Advent began yesterday. The countdown to Christmas, a period of waiting, anticipation and preparation. I do find Advent, as Jack suggests in the quote above, an interesting suspension of time. It is a time when we know the end of the story, yet we hear the story again as if for the first time. We know that the Light is always with us, yet we anticipate the Light which shines in the darkness. We expect something we have really already realized in our lives, yet the expectation brings us to an awareness of the Presence of God-with-us in ways that we don’t have the rest of the year.

(For the full audio version, click here.)

Sadly, Advent has almost become a secular season (beginning right after Halloween, if not before)… it’s the shopping season for Christmas, the cookie making season, the lights at the zoo season, Christmas tree season, the time of holly, ivy, mistletoe and good cheer. Making this time secular and commercialized has externalized our preparation instead of internalizing it. Even the darkness has been externalized as the days get shorter and our nights get longer and our external response is to put Christmas lights on our houses (which I love, by the way).  But it is the internal journey which is most important.

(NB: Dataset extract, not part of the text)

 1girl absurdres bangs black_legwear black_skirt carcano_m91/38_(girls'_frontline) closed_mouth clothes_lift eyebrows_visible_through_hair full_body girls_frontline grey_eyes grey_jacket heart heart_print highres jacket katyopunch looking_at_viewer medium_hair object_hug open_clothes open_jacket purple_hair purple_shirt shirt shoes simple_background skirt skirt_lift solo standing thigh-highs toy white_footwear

A more spiritual advent is internalized, it asks us to look inside. It will be inside where we find, not only the compassionate, loving joyful parts of ourselves, but the metaphorically darker parts, our shadow side. Externalized advent so often ignores these shadows that get deeper in our hearts this time of year.

I’ve been told that I’m at my best pastoring when I can just be myself. Unfortunately, my true self often gets obscured by things like pride, ego, fear and insecurity. I’m prone to bouts of guilt and shame, and occasionally get slammed with waves of grief and loss. Darkness descends. Sometimes it descends in layers, one after the other, until almost all light has disappeared. I have then effectively blocked my own light from being seen, and I have blocked the light of the Divine from reaching the shadows within me. It reminds me of the window films that you place on your house or car windows to filter out some of the light. If we place layers and layers of that film on our windows, eventually there will be little light getting in or out of the house.

Just because the light can’t be seen as well doesn’t mean it isn’t there. Sometimes we just have to look harder to perceive it and then strive to reach it by working at removing the layers. It’s work, I know, and sometimes scary to be honest about the shadows in our hearts, and to bring those shadows into the light and deal with them. However, it is also the only way I am aware of to become more whole. The light does help us to heal. Otherwise we live our lives divided between the face we show to the world and the face we only allow ourselves (and maybe a few others) to see. Working to become one instead of divided, this is the work of Advent.